- **EXERCISE PROMPT**: Every single entry that follows must be copied exactly.

(Web page caption snippets)
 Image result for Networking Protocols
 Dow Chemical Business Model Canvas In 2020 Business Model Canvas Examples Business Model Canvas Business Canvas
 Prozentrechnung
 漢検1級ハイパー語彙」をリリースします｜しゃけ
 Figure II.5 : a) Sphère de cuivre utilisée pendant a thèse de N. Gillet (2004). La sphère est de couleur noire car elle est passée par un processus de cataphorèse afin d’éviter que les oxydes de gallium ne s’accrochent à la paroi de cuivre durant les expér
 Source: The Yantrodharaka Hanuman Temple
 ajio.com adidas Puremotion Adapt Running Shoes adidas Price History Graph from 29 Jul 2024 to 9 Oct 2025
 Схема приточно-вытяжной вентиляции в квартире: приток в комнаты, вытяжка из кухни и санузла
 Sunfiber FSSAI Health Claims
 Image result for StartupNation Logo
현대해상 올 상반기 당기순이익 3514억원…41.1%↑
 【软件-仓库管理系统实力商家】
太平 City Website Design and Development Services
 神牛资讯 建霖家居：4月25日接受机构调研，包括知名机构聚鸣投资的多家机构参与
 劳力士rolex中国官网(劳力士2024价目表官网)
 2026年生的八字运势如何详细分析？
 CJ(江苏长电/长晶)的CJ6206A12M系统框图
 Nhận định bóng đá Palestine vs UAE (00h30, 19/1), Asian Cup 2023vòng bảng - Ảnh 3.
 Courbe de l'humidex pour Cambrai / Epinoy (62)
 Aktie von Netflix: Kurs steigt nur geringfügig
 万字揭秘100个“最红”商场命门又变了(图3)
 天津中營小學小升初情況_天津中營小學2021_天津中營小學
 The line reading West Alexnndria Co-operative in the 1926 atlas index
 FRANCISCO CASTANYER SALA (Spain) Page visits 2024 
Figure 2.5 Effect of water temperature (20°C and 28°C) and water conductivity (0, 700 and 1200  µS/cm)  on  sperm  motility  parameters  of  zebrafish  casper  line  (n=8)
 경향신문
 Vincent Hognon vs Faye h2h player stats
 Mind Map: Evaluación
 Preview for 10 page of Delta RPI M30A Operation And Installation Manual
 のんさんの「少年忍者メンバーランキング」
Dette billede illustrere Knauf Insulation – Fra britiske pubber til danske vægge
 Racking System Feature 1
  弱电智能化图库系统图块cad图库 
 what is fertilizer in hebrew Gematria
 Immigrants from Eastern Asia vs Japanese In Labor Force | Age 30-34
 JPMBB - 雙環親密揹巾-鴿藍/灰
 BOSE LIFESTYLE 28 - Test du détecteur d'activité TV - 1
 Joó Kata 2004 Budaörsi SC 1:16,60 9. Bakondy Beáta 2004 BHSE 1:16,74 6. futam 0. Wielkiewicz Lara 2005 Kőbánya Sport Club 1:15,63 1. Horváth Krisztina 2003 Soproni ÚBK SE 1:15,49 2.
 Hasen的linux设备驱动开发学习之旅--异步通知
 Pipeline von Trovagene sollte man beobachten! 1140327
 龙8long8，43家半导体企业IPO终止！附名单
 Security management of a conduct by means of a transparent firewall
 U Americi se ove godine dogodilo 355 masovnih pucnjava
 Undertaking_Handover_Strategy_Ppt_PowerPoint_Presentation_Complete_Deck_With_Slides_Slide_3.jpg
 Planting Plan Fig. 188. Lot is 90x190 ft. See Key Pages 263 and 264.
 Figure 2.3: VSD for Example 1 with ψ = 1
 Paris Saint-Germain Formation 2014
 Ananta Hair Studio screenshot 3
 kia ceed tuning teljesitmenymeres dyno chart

- **EXPECTED OUTPUT**:
 Image result for Networking Protocols
 Dow Chemical Business Model Canvas In 2020 Business Model Canvas Examples Business Model Canvas Business Canvas
 Prozentrechnung
 漢検1級ハイパー語彙」をリリースします｜しゃけ
 Figure II.5 : a) Sphère de cuivre utilisée pendant a thèse de N. Gillet (2004). La sphère est de couleur noire car elle est passée par un processus de cataphorèse afin d’éviter que les oxydes de gallium ne s’accrochent à la paroi de cuivre durant les expér
 Source: The Yantrodharaka Hanuman Temple
 ajio.com adidas Puremotion Adapt Running Shoes adidas Price History Graph from 29 Jul 2024 to 9 Oct 2025
 Схема приточно-вытяжной вентиляции в квартире: приток в комнаты, вытяжка из кухни и санузла
 Sunfiber FSSAI Health Claims
 Image result for StartupNation Logo
현대해상 올 상반기 당기순이익 3514억원…41.1%↑
 【软件-仓库管理系统实力商家】
太平 City Website Design and Development Services
 神牛资讯 建霖家居：4月25日接受机构调研，包括知名机构聚鸣投资的多家机构参与
 劳力士rolex中国官网(劳力士2024价目表官网)
 2026年生的八字运势如何详细分析？
 CJ(江苏长电/长晶)的CJ6206A12M系统框图
 Nhận định bóng đá Palestine vs UAE (00h30, 19/1), Asian Cup 2023vòng bảng - Ảnh 3.
 Courbe de l'humidex pour Cambrai / Epinoy (62)
 Aktie von Netflix: Kurs steigt nur geringfügig
 万字揭秘100个“最红”商场命门又变了(图3)
 天津中營小學小升初情況_天津中營小學2021_天津中營小學
 The line reading West Alexnndria Co-operative in the 1926 atlas index
 FRANCISCO CASTANYER SALA (Spain) Page visits 2024 
Figure 2.5 Effect of water temperature (20°C and 28°C) and water conductivity (0, 700 and 1200  µS/cm)  on  sperm  motility  parameters  of  zebrafish  casper  line  (n=8)
 경향신문
 Vincent Hognon vs Faye h2h player stats
 Mind Map: Evaluación
 Preview for 10 page of Delta RPI M30A Operation And Installation Manual
 のんさんの「少年忍者メンバーランキング」
Dette billede illustrere Knauf Insulation – Fra britiske pubber til danske vægge
 Racking System Feature 1
  弱电智能化图库系统图块cad图库 
 what is fertilizer in hebrew Gematria
 Immigrants from Eastern Asia vs Japanese In Labor Force | Age 30-34
 JPMBB - 雙環親密揹巾-鴿藍/灰
 BOSE LIFESTYLE 28 - Test du détecteur d'activité TV - 1
 Joó Kata 2004 Budaörsi SC 1:16,60 9. Bakondy Beáta 2004 BHSE 1:16,74 6. futam 0. Wielkiewicz Lara 2005 Kőbánya Sport Club 1:15,63 1. Horváth Krisztina 2003 Soproni ÚBK SE 1:15,49 2.
 Hasen的linux设备驱动开发学习之旅--异步通知
 Pipeline von Trovagene sollte man beobachten! 1140327
 龙8long8，43家半导体企业IPO终止！附名单
 Security management of a conduct by means of a transparent firewall
 U Americi se ove godine dogodilo 355 masovnih pucnjava
 Undertaking_Handover_Strategy_Ppt_PowerPoint_Presentation_Complete_Deck_With_Slides_Slide_3.jpg
 Planting Plan Fig. 188. Lot is 90x190 ft. See Key Pages 263 and 264.
 Figure 2.3: VSD for Example 1 with ψ = 1
 Paris Saint-Germain Formation 2014
 Ananta Hair Studio screenshot 3
 kia ceed tuning teljesitmenymeres dyno chart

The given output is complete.